I've edited the statechange-notify.sh file by hand way back when I filed #10123, however even after editing and testing today on a new machine, I still don't get any sort of notice, aside from a resilver finish event. I'm running proxmox 7.0-13, and zfs zfs-2.0.6-pve1~bpo10+1 zfs-kmod-2.0.5-pve1.

Adding the changes in #12630 don't result in any notifications for me.

If anyone would like to have me do further testing on this, I'm available to do so, as I have a multi drive server available for testing, and would really like to see this (critical IMO) bug squashed.

masipcat commented 3 years ago

@exitcomestothis I run Proxmox 7 with ZFS as well and found the same problem a couple of months ago. I reviewed my notes and I noticed that apart of applying https://github.com/cbane/zfs/commit/f4f16389413061ed0b670df1cbd17954518a3096 I changed these lines in /etc/zfs/zed.d/zed.rc:

-ZED_NOTIFY_VERBOSE=0
+ZED_NOTIFY_VERBOSE=1

-ZED_SYSLOG_SUBCLASS_INCLUDE="checksum|scrub_*|vdev.*"
+ZED_SYSLOG_SUBCLASS_INCLUDE="*"
cholzer79 commented 3 years ago

@exitcomestothis I run Proxmox 7 with ZFS as well and found the same problem a couple of months ago. I reviewed my notes and I noticed that I changed this lines in /etc/zfs/zed.d/zed.rc:

-ZED_NOTIFY_VERBOSE=0
+ZED_NOTIFY_VERBOSE=1

-ZED_SYSLOG_SUBCLASS_INCLUDE="checksum|scrub_*|vdev.*"
+ZED_SYSLOG_SUBCLASS_INCLUDE="*"

With this in place I DONT get a notification when a drive is disconnected.
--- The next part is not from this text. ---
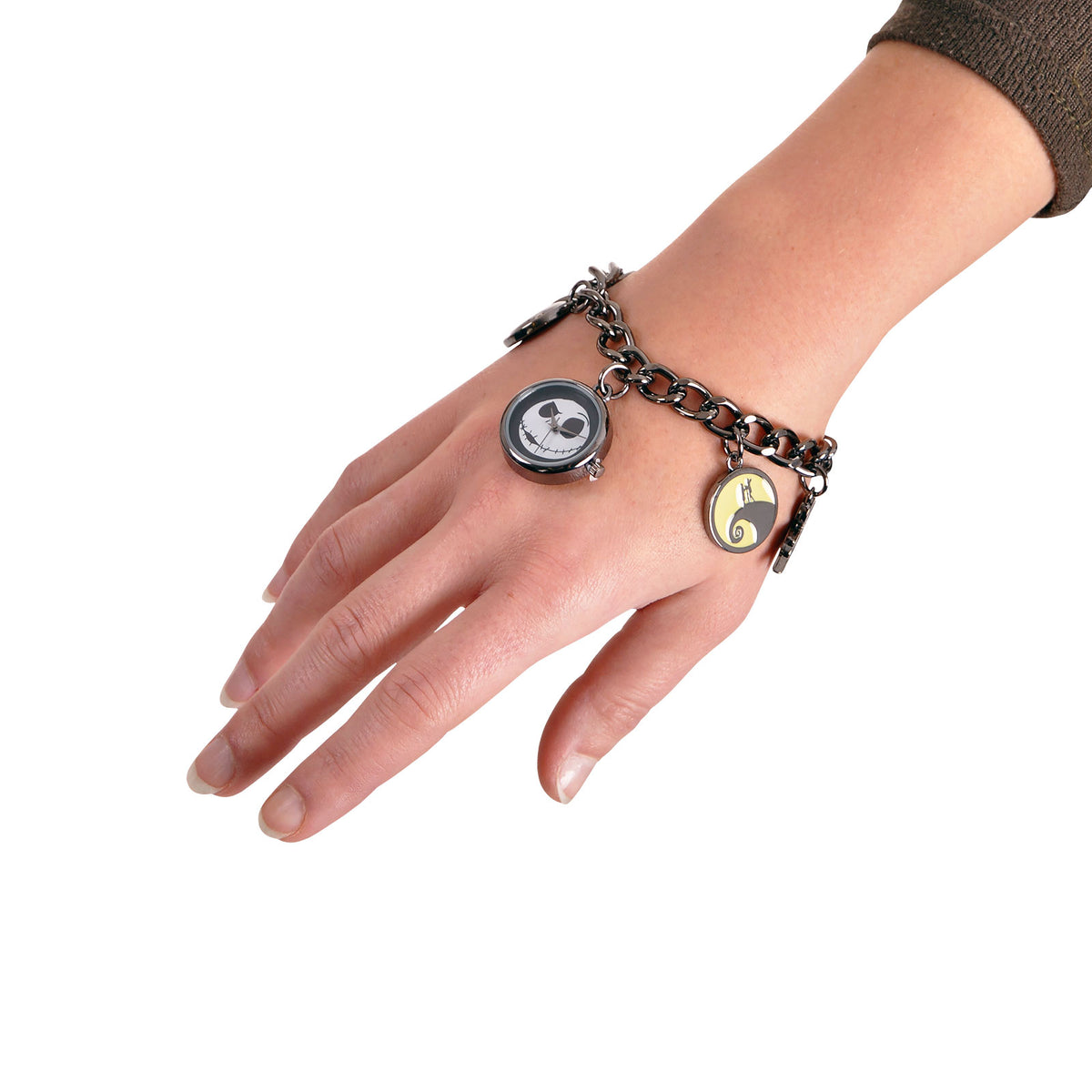 Image produit Nightmare Before Christmas - Bracelet à breloques Jack avec montre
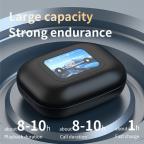 Bluetooth slusalice A16 Mini Pro sa AI prevodiocem crne slika 3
Only when I add UNAVAIL as per this patch, it works. https://github.com/cbane/zfs/commit/f4f16389413061ed0b670df1cbd17954518a3096

cholzer79 commented 3 years ago

I've edited the statechange-notify.sh file by hand way back when I filed #10123, however even after editing and testing today on a new machine, I still don't get any sort of notice, aside from a resilver finish event. I'm running proxmox 7.0-13, and zfs zfs-2.0.6-pve1~bpo10+1 zfs-kmod-2.0.5-pve1.

Adding the changes in #12630 don't result in any notifications for me.

If anyone would like to have me do further testing on this, I'm available to do so, as I have a multi drive server available for testing, and would really like to see this (critical IMO) bug squashed.

I just did another test install, added these changes https://github.com/cbane/zfs/commit/f4f16389413061ed0b670df1cbd17954518a3096 And now I do get a notification when I disconect a drive. Without these edits I don't get a notification when a drive drops out.

masipcat commented 3 years ago

I just did another test install, added these changes cbane@f4f1638 And now I do get a notification when I disconect a drive. Without these edits I don't get a notification when a drive drops out.

Yeah, I assumed this patch https://github.com/cbane/zfs/commit/f4f16389413061ed0b670df1cbd17954518a3096 was already applied. I edited the original comment to clarify it.

OSHW-Rico commented 2 years ago

So it is not fixed in proxmox 7.1?

I just tested it myself and i don't get mails for disconnected drives. But for resilvering...

Anyway an awesome piece of software, could disconnect and reconnect on the fly while moving big files and no corruption in the end. But an alert would still be nice.

behlendorf commented 2 years ago

This fix was included as of the OpenZFS 2.1.3 release. Commit 487bb7762.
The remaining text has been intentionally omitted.